NATHALIE NOECHWICZ
Mediadora del Poder Judicial desde 2009 y mediadora del Centro de Mediación Penal de Adolescentes.
Nos encanta hablar de la paz, pero mucho más de la violencia.
Con frecuencia escucho conversaciones sobre lo violenta que está la sociedad, lo agresivos que son los niños y niñas actualmente o lo irrespetuosos que son los jóvenes de hoy en día. Estas son observaciones de gran parte de los individuos acerca de sus sociedades con respecto a la paz, o mejor dicho, a la violencia. Como si hablaran de una sociedad de la que no fueran parte, como si fueran meros espectadores de una película, muy triste por cierto. Y como si nada pudieran hacer, más que disparar críticas o exigencias cruzadas al Estado, la escuela, la familia y a los jóvenes, creen que eso será suficiente para generar un cambio y así lograr ejercer el tan preciado derecho a la paz.

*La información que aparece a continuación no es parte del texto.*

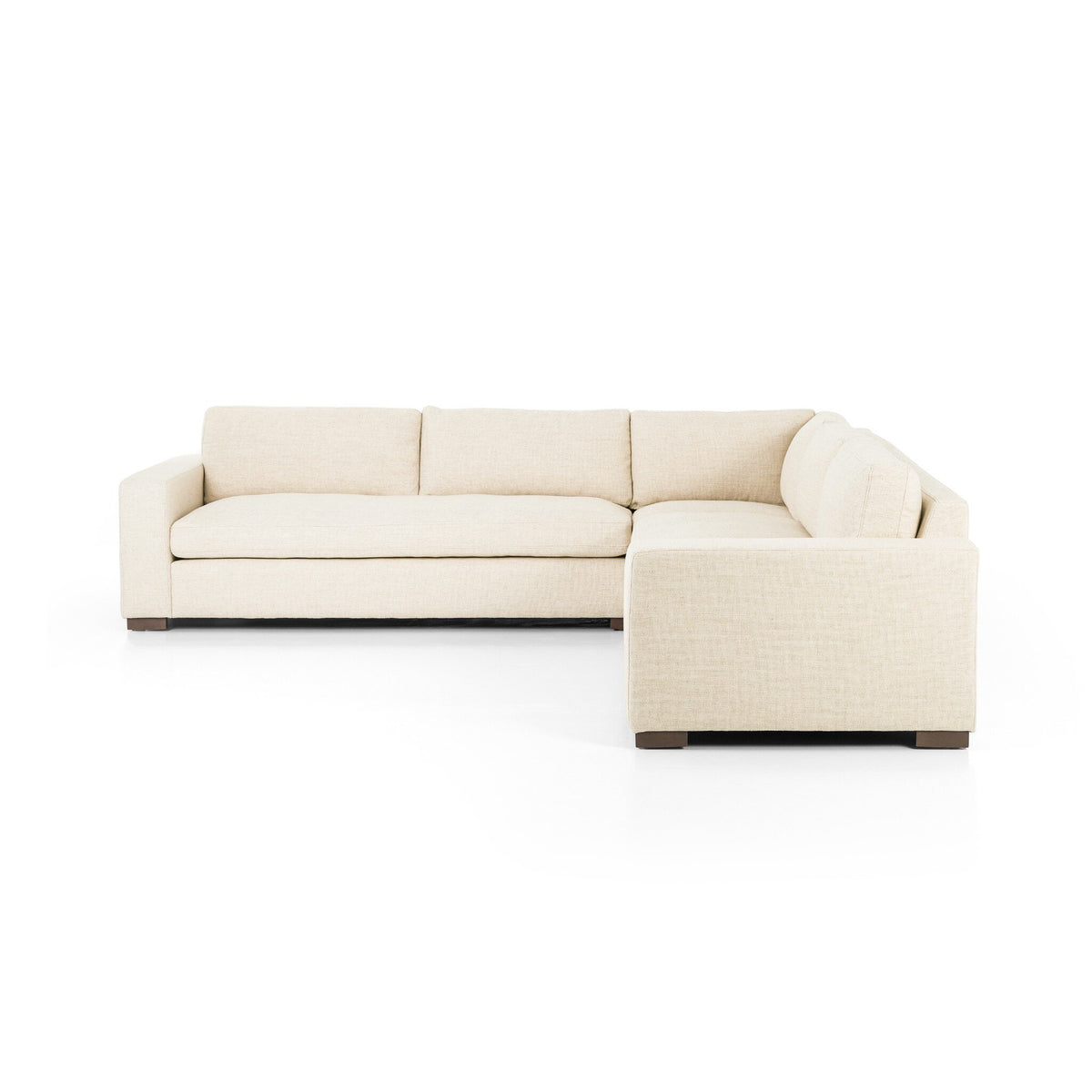 Boone 3 Pc Small Corner Sectional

El derecho a la paz es un derecho humano, inherente a la persona humana, que pertenece a la categoría de los derechos de solidaridad. Hace referencia al derecho a gozar de la paz en el ámbito internacional como nacional, y se atribuye tanto a individuos como a pueblos, estados o colectivos. Por ser uno de los derechos emergentes (llamados de tercera generación) y en proceso de consolidación, su regulación aún se encuentra dentro de lo que se denomina el soft law o derecho blando, por lo que por el momento no contamos con mecanismos efectivos para su reclamo y reparación, por tanto, para su protección eficaz.
Hoy el Estado tiene la obligación moral de velar por la paz. Y hablamos de paz en su acepción más amplia. No solo en su dimensión tradicional negativa, como oposición a todo acto de violencia, conflicto o guerra, sino también en su dimensión positiva, que se funda en brindar las condiciones necesarias para lograr una paz sostenible, la integración de la sociedad humana, en palabras de Johan Galtung. Para ello es necesario desarrollar una cultura de paz, que implica sensibilizar y educar en valores basados en el respeto a la vida y los derechos humanos. Comprende, la posibilidad de generar espacios de diálogo y reflexión, potenciar habilidades para vivir en comunidad, capacitar en herramientas de comunicación y gestión constructiva de diferendos, así como de prevención temprana de conflictos para evitar situaciones de violencia. Supone la formación de ciudadanos activos y responsables para ejercer dichos derechos y deberes con autonomía, capaces de reparar y construir una sociedad integradora, con conciencia de comunidad.
Quienes formamos o somos facilitadores en procesos de construcción de consensos, comprobamos que esas instancias son una clara expresión del ejercicio del derecho a la paz, ya que el objetivo, en última instancia, es fomentar la concordia y oponernos a todo acto de violencia. Sin embargo, cada uno de nosotros, y más allá de nuestra labor, tenemos el poder de ejercerlo. Porque, los hombres se educan entre sí, mediatizados por el mundo, porque nadie ignora todo, nadie lo sabe todo, parafraseando a Paulo Freire. Y en este sentido, todos podemos ser agentes de paz, enseñando con nuestro ejemplo, como padre o madre, a construir vínculos sanos y respetuosos; como empleados o empleadores, a fomentar instancias de aprendizaje en sociedades inteligentes y cooperativas; como actores de instituciones escolares, sanitarias o penitenciarias, a generar ambientes más armónicos y, en definitiva, a ser protagonistas del cambio que deseamos.
Concluiré afirmando que es innegable la necesidad de una regulación jurídica internacional del derecho a la paz como derecho humano, que lo reconozca de manera formal y favorezca su regulación en los derechos internos de cada nación para hacerlo exigible. No obstante, necesitamos algo más que una política pública que impulse una cultura de paz. Necesitamos discutir opciones, compartir métodos y prácticas, diseñar programas, evaluarlos y tal vez rediseñarlos. Lo que necesitamos, sobre todo, es ser más protagonistas y menos espectadores.